Exercise prompt: Every line that holds the word "фотография" needs to be copied from the data below.

——————

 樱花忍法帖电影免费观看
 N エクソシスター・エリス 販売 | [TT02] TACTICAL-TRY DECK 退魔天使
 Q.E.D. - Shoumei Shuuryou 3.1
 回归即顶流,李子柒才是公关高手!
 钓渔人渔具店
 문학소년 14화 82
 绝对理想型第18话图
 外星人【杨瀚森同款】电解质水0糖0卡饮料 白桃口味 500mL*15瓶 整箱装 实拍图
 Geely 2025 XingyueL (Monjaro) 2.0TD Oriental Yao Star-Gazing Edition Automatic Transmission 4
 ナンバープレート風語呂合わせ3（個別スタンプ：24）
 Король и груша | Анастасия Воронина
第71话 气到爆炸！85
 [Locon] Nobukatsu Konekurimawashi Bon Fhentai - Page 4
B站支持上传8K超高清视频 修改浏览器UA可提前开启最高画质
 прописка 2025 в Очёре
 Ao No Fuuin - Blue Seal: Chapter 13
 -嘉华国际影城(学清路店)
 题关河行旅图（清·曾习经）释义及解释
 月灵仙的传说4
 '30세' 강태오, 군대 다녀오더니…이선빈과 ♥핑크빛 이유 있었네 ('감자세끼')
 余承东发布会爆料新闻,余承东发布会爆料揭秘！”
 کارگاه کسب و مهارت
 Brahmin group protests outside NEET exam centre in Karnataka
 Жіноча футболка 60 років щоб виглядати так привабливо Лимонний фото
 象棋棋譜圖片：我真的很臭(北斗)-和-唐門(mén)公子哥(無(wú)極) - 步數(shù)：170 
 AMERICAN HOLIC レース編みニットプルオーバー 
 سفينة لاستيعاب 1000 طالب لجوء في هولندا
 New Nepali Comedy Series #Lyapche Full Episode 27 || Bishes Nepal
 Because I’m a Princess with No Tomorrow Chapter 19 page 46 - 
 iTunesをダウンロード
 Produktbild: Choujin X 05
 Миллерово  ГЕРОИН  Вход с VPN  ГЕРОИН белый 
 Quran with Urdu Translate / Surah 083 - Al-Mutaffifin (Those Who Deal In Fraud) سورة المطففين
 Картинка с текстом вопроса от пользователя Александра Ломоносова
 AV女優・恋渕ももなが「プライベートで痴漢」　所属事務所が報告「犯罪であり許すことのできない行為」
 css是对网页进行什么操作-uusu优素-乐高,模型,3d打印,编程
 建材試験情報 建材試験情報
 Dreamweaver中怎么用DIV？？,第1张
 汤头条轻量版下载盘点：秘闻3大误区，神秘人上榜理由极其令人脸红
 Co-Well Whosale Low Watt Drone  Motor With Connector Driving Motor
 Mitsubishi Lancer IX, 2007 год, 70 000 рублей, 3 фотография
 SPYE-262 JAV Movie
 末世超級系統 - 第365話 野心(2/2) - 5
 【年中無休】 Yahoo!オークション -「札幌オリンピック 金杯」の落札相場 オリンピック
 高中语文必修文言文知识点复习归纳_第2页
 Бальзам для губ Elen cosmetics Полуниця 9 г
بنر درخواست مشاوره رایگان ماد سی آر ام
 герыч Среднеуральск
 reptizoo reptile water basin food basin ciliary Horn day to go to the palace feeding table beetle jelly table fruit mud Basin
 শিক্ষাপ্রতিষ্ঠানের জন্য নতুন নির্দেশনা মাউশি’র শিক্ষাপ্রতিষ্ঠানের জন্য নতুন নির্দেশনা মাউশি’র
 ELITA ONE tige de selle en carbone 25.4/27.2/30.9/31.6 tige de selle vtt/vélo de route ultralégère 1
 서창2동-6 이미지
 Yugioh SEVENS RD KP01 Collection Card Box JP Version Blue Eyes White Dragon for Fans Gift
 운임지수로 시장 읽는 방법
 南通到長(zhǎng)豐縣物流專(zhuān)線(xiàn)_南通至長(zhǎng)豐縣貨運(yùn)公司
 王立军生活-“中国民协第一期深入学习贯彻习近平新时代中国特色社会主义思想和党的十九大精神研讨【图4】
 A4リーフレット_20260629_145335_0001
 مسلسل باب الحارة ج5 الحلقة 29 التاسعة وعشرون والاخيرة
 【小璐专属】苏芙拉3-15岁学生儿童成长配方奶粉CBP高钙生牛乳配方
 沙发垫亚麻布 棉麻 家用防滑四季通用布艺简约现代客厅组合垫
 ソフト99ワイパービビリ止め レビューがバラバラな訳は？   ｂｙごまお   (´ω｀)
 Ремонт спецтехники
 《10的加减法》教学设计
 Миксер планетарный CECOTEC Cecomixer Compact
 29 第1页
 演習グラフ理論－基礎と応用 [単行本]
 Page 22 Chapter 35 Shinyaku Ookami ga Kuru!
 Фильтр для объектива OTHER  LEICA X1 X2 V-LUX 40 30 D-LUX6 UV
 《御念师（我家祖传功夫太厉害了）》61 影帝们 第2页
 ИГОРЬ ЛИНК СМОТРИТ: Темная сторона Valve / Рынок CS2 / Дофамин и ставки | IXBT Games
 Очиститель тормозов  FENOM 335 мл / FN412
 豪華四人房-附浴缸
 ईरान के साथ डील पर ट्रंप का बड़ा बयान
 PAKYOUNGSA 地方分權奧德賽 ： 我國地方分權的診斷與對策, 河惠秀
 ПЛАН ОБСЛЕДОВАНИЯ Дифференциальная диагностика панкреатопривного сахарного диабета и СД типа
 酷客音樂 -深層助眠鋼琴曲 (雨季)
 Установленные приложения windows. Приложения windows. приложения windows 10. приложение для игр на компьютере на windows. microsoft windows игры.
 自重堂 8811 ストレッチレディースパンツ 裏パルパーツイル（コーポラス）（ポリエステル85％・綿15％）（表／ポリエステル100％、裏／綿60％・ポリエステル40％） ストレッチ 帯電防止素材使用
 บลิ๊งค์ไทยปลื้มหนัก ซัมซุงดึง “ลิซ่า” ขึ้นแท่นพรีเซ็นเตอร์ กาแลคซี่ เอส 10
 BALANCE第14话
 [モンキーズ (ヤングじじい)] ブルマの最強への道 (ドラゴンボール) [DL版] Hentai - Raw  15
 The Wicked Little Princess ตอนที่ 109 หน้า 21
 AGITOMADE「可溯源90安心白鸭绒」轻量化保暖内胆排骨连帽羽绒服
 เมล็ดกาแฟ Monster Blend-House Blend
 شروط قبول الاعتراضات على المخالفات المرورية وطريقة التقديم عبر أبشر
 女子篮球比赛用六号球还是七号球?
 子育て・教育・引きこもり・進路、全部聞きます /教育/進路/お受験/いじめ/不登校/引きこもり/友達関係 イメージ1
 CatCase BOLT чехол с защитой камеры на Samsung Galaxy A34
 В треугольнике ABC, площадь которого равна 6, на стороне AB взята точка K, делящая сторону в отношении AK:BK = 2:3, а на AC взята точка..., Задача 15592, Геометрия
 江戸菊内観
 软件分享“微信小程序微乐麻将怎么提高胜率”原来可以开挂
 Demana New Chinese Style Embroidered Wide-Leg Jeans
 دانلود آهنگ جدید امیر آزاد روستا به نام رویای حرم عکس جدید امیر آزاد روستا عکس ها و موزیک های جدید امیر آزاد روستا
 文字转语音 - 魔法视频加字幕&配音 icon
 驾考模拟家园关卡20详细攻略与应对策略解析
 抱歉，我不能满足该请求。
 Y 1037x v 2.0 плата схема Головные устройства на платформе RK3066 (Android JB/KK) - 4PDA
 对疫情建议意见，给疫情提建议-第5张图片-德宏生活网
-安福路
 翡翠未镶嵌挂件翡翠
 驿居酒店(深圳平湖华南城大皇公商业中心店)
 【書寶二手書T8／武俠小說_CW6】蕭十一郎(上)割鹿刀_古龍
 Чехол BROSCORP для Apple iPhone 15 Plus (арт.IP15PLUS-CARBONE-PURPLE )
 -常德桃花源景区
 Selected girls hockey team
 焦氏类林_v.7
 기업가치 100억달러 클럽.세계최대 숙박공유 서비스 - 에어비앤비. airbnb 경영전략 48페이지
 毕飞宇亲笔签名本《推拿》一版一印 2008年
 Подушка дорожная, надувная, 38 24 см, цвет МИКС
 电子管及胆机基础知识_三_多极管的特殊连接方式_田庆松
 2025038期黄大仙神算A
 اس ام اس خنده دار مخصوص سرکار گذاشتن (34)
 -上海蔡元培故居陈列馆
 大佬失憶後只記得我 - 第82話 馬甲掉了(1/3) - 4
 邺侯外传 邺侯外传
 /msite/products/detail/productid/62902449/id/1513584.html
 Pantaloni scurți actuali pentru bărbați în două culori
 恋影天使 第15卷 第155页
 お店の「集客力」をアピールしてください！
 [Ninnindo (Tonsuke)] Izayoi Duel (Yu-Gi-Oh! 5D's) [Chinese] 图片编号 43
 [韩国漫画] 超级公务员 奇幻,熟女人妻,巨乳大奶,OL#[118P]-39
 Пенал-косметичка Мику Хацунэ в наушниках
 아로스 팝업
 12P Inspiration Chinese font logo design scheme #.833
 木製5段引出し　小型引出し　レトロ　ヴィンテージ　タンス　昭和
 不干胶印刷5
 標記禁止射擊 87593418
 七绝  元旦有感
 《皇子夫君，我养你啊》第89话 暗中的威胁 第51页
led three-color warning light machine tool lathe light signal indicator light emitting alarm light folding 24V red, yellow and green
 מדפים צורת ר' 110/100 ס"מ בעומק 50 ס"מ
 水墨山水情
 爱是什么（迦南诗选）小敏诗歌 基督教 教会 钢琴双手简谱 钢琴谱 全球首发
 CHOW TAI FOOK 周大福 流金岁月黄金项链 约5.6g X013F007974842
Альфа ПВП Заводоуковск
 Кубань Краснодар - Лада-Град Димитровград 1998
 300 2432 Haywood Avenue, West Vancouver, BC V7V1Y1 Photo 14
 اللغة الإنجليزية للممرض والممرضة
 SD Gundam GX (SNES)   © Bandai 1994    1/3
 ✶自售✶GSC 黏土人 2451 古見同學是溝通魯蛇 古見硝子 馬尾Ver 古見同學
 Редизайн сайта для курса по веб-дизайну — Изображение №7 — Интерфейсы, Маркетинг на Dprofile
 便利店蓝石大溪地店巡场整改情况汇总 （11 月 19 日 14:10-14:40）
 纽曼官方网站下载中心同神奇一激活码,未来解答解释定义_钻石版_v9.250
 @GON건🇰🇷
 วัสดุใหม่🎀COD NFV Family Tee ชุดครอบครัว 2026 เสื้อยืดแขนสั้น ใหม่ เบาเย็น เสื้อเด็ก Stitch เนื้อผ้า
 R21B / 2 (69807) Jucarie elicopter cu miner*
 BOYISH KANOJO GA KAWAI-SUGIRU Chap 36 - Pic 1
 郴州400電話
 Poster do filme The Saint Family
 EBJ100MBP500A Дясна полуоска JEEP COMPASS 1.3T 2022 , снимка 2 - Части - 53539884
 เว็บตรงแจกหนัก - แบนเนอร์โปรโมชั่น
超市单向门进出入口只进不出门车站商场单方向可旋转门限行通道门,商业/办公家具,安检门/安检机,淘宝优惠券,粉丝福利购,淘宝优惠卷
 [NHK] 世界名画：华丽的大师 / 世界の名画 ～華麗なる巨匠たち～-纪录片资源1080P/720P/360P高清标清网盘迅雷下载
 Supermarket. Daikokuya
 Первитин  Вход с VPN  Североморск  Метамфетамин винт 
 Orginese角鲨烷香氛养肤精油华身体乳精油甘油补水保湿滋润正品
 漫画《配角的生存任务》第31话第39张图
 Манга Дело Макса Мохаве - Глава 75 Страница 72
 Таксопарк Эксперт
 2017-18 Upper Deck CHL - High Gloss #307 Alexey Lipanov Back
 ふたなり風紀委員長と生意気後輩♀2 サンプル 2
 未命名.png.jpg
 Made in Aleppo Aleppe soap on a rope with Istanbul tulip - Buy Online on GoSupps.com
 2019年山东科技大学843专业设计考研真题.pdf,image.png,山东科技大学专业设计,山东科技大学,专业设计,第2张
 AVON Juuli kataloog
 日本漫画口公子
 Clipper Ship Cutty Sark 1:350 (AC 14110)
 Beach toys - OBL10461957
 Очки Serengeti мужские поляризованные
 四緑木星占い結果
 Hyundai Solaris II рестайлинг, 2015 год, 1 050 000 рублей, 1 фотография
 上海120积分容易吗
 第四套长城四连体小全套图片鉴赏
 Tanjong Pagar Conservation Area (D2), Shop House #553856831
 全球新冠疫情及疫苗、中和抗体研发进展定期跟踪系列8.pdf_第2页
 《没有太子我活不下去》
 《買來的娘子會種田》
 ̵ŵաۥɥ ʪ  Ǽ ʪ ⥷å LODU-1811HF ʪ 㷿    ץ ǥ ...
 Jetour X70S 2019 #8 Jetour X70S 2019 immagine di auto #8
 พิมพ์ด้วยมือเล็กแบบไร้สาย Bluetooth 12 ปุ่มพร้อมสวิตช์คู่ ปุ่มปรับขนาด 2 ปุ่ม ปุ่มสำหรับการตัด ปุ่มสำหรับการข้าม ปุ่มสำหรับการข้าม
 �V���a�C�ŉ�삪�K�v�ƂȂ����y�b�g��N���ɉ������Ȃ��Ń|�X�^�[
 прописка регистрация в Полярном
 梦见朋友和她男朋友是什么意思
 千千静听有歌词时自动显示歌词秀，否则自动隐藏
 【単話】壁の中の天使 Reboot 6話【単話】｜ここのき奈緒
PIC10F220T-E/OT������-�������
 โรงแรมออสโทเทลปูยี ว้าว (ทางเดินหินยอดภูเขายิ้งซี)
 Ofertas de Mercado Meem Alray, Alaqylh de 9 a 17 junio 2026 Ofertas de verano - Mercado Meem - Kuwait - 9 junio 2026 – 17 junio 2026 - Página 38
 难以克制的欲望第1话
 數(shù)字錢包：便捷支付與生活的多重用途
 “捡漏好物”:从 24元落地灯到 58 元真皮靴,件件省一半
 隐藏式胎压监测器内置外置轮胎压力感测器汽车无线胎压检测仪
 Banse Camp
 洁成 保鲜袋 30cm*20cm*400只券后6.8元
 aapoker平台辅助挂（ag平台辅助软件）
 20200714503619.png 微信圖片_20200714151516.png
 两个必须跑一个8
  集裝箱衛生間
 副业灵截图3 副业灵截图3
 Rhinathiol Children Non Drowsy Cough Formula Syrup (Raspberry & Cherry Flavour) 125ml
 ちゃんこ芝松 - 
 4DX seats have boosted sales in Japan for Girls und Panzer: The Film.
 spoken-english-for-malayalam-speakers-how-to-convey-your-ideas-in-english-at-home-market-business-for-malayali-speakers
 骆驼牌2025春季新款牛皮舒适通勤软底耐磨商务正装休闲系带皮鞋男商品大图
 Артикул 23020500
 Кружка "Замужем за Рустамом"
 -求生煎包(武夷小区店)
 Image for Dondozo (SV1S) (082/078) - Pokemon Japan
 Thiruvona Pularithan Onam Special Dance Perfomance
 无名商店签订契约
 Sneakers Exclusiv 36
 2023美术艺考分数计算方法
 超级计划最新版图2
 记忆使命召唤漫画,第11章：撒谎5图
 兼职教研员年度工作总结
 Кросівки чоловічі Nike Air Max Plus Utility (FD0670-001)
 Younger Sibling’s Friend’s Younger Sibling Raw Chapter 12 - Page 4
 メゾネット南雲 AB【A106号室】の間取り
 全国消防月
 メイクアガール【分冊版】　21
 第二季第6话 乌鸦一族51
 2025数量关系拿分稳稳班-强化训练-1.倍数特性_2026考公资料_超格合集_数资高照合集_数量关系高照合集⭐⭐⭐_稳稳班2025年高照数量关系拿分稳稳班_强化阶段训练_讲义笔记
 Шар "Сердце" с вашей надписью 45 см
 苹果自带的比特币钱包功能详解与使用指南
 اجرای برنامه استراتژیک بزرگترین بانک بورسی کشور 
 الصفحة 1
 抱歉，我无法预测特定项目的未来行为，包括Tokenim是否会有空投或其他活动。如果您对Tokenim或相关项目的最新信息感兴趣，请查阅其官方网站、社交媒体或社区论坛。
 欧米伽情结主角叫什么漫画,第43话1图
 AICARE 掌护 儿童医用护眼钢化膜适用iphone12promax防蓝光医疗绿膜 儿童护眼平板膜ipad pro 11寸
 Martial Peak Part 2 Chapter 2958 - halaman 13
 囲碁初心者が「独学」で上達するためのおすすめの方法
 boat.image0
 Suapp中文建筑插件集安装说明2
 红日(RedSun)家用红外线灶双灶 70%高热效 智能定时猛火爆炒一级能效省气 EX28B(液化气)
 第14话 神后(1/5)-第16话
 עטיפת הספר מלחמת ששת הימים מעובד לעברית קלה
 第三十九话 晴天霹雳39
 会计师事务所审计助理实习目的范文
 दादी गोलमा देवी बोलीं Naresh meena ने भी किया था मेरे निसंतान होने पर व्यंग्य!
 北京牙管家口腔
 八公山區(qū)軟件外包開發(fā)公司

——————

Result for this exercise:
 Mitsubishi Lancer IX, 2007 год, 70 000 рублей, 3 фотография
 Hyundai Solaris II рестайлинг, 2015 год, 1 050 000 рублей, 1 фотография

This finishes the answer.